_Goal of the exercise:_ Reproduce all of the data below without alteration; exclude every picture.
# # #
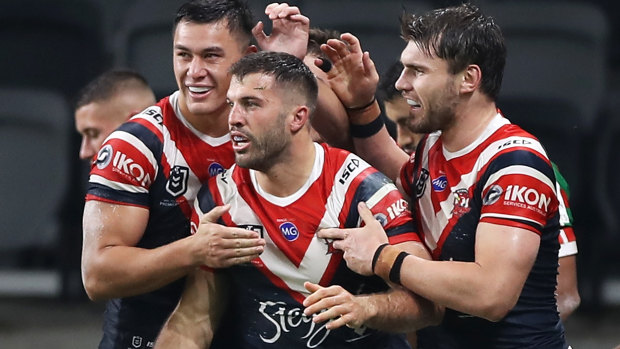 James Tedesco, centre, has been ruled out of the clash against the Broncos.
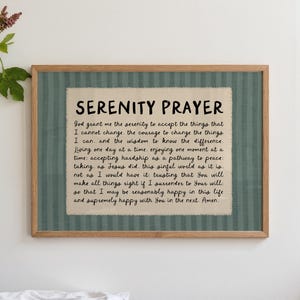 Könnte beinhalten: Gerahmter Druck des Serenity Prayer. Der Text befindet sich auf einem beigen Stoff, vor einem grün gestreiften Hintergrund und in einem Holzrahmen. Das Gebet ist in schwarzer Schrift geschrieben.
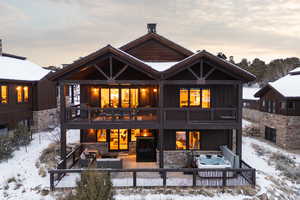 Snow covered rear of property with a patio area, board and batten siding, and stone siding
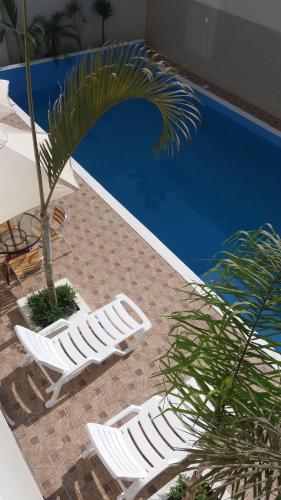 two white lounge chairs and a palm tree next to a pool at Sol de Paracas Apart Hotel Pisco in Pisco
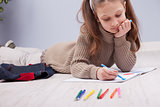 little girl colouring on her notebook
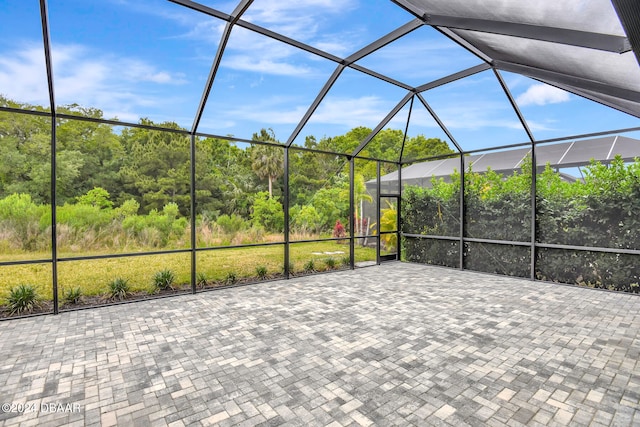 view of patio / terrace with a lanai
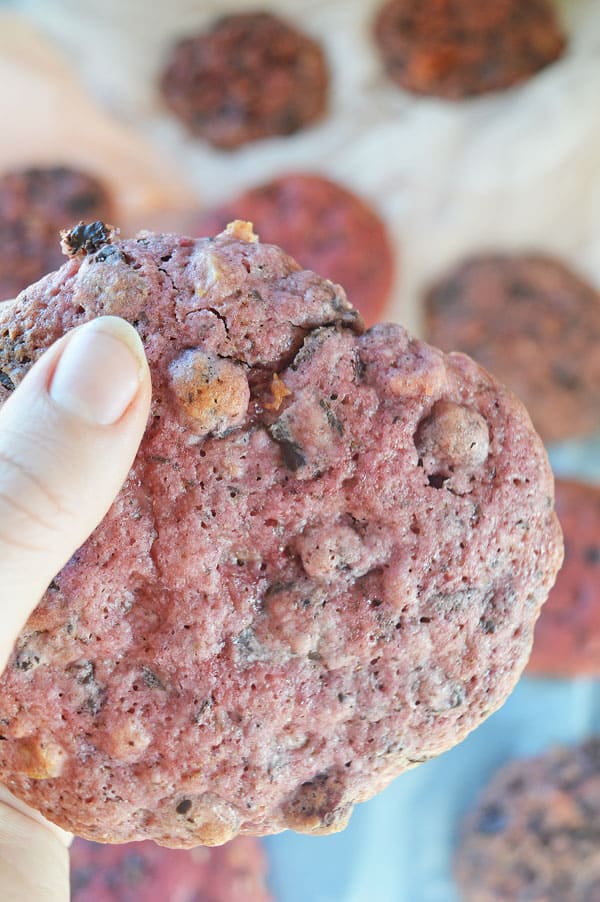 A purple chocolate walnut cookie close-up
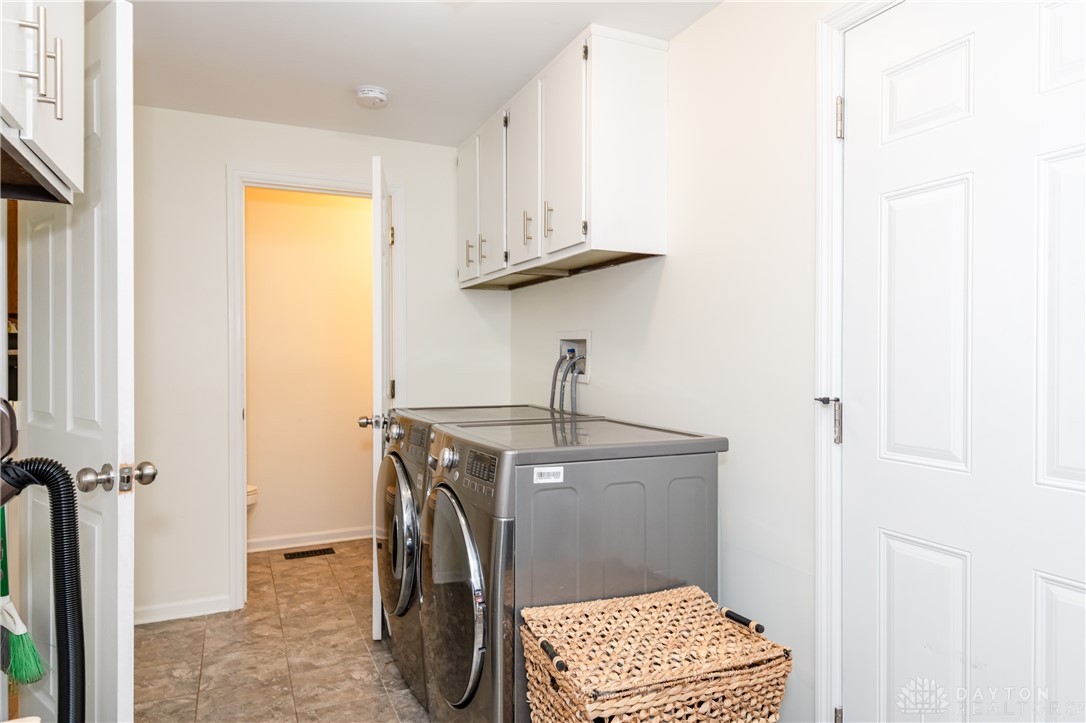 728 Chipplegate Drive Centerville, OH 45459 - Photo 14 of 30 This dedicated laundry room features modern appliances and ample storage for a highly functional space.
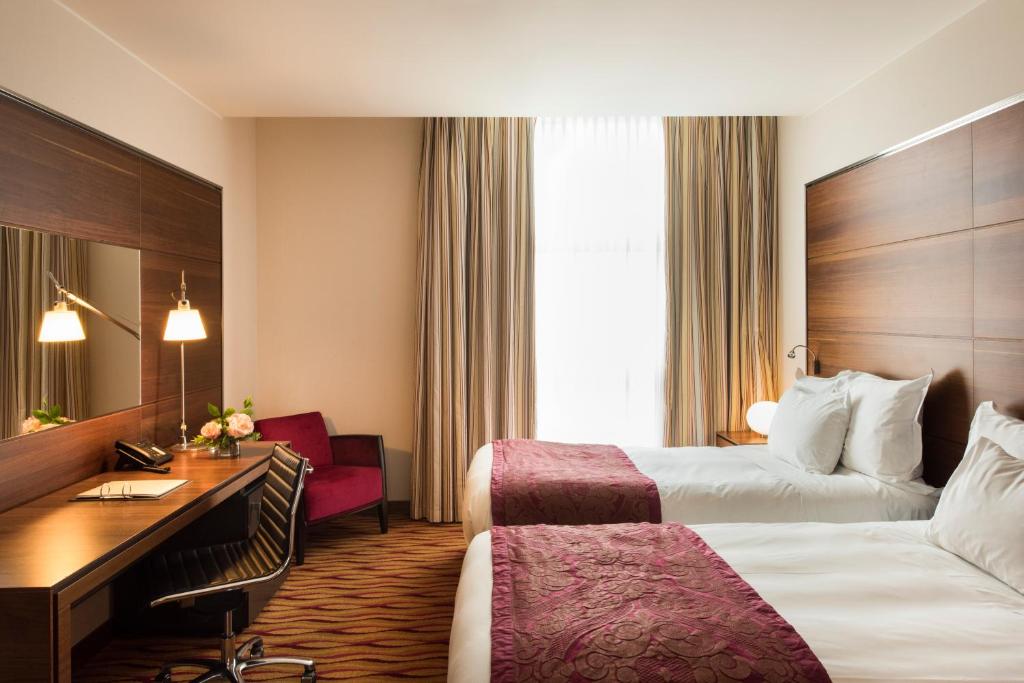 Postel nebo postele na pokoji v ubytování Best Western Premier BHR Treviso Hotel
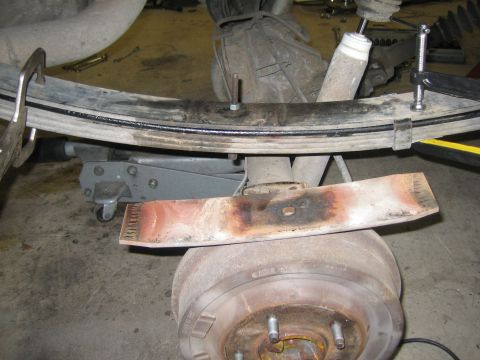 1996 Ford Bronco - Close-up view of a vehicle's rear suspension components, including a leaf spring and brake drum, with a metal blade placed on top.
# # #
_Answer area:_
 James Tedesco, centre, has been ruled out of the clash against the Broncos.
 Könnte beinhalten: Gerahmter Druck des Serenity Prayer. Der Text befindet sich auf einem beigen Stoff, vor einem grün gestreiften Hintergrund und in einem Holzrahmen. Das Gebet ist in schwarzer Schrift geschrieben.
 Snow covered rear of property with a patio area, board and batten siding, and stone siding
 two white lounge chairs and a palm tree next to a pool at Sol de Paracas Apart Hotel Pisco in Pisco
 little girl colouring on her notebook
 view of patio / terrace with a lanai
 A purple chocolate walnut cookie close-up
 728 Chipplegate Drive Centerville, OH 45459 - Photo 14 of 30 This dedicated laundry room features modern appliances and ample storage for a highly functional space.
 Postel nebo postele na pokoji v ubytování Best Western Premier BHR Treviso Hotel
 1996 Ford Bronco - Close-up view of a vehicle's rear suspension components, including a leaf spring and brake drum, with a metal blade placed on top.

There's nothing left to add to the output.